Start of Records for the task

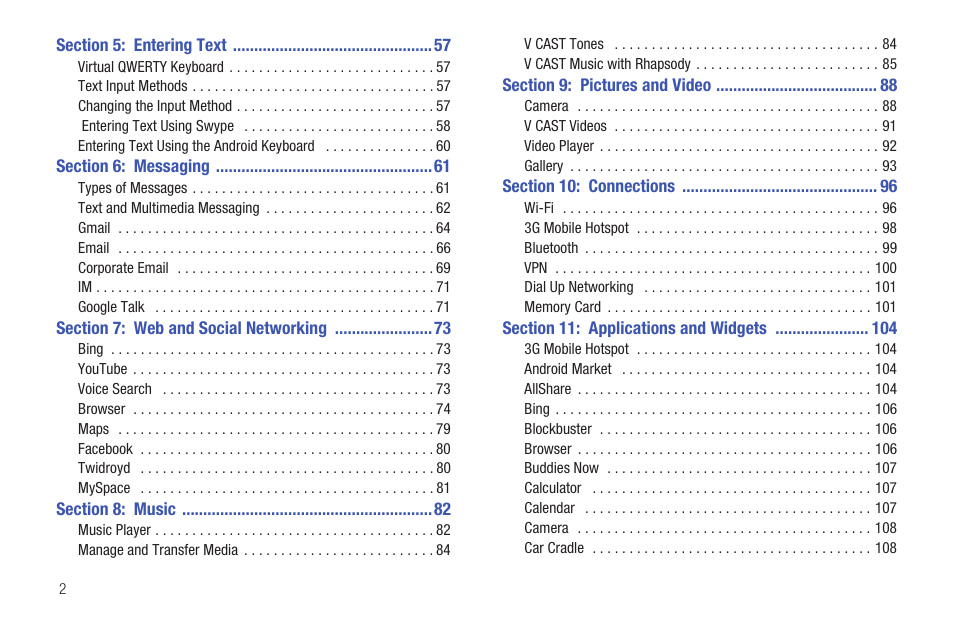 Section 5: entering text 57, Section 6: messaging 61, Section 7: web and social networking 73 | Section 8: music 82, Section 9: pictures and video 88, Section 10: connections 96, Section 11: applications and widgets 104 | Samsung SCH-I400ZKOVZW User Manual | Page 8 / 183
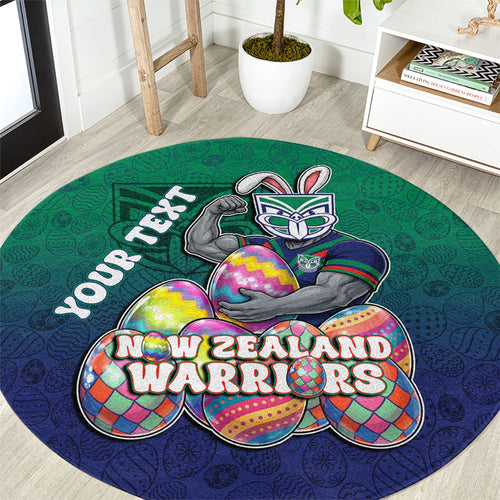 Personalized New Zealand Warriors Round Carpet Easter Mascot - Colorful Eggs Cartoon Style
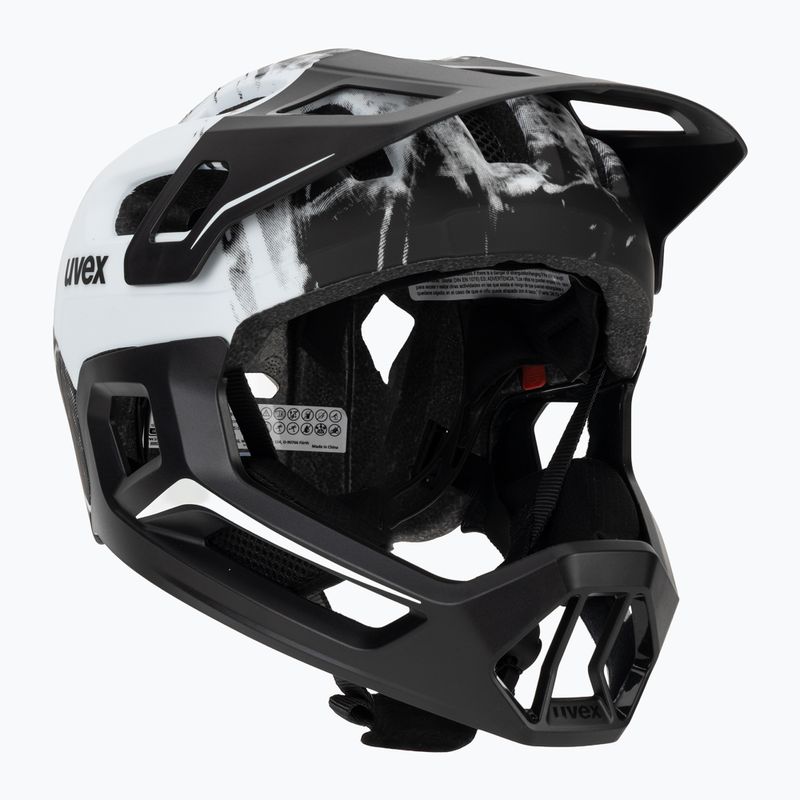Children's bike helmet UVEX React Fullface Jr black/white matt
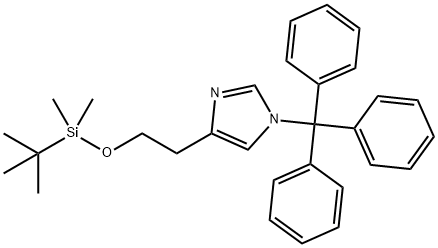 4-(2-(tert-부틸디메틸실릴옥시)에틸)-1-트리틸-1H-이미다졸 구조식 이미지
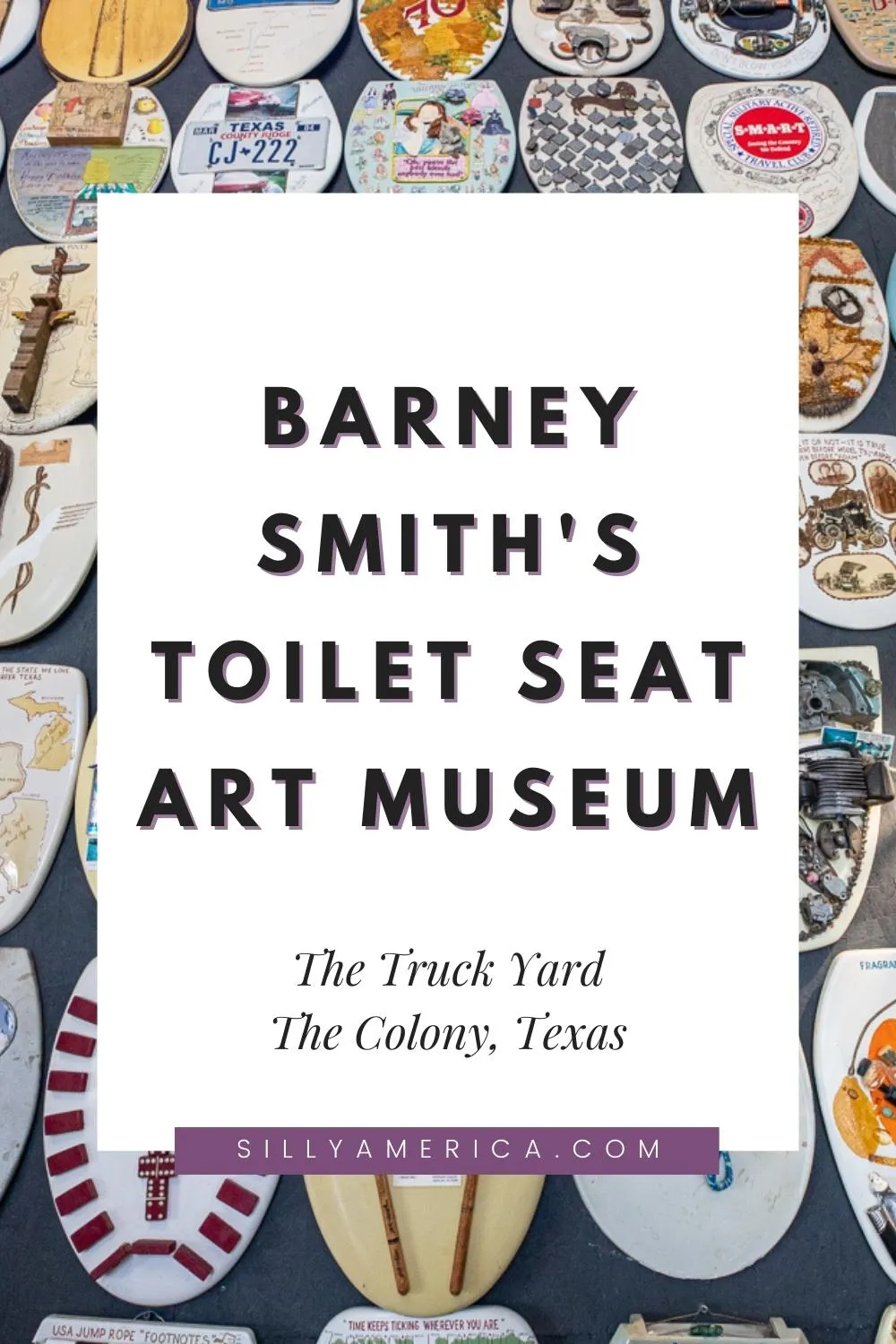 This roadside attraction just might make you go flush. In more ways than one! On the second floor of a Texas beer garden you'll find this unusual museum conveniently located by the bathrooms: Barney Smith's Toilet Seat Art Museum in The Colony, Texas. Visit this weird museum on your Texas road trip! It's a fun roadside attraction and weird museum to add to your travel itinerary! #RoadTrip #Museum #WeirdMuseum #RoadsideAttractions #RoadTrip #Texas #TexasRoadTrip #TexasRoadsideAttractions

End of Records for the task

§ About this task: Nothing but the lines from the one with "Children's bike helmet" through the end of the entries above, both included, should be set down, exactly and without pictures.

§ Result of the exercise:
Children's bike helmet UVEX React Fullface Jr black/white matt
 4-(2-(tert-부틸디메틸실릴옥시)에틸)-1-트리틸-1H-이미다졸 구조식 이미지
 This roadside attraction just might make you go flush. In more ways than one! On the second floor of a Texas beer garden you'll find this unusual museum conveniently located by the bathrooms: Barney Smith's Toilet Seat Art Museum in The Colony, Texas. Visit this weird museum on your Texas road trip! It's a fun roadside attraction and weird museum to add to your travel itinerary! #RoadTrip #Museum #WeirdMuseum #RoadsideAttractions #RoadTrip #Texas #TexasRoadTrip #TexasRoadsideAttractions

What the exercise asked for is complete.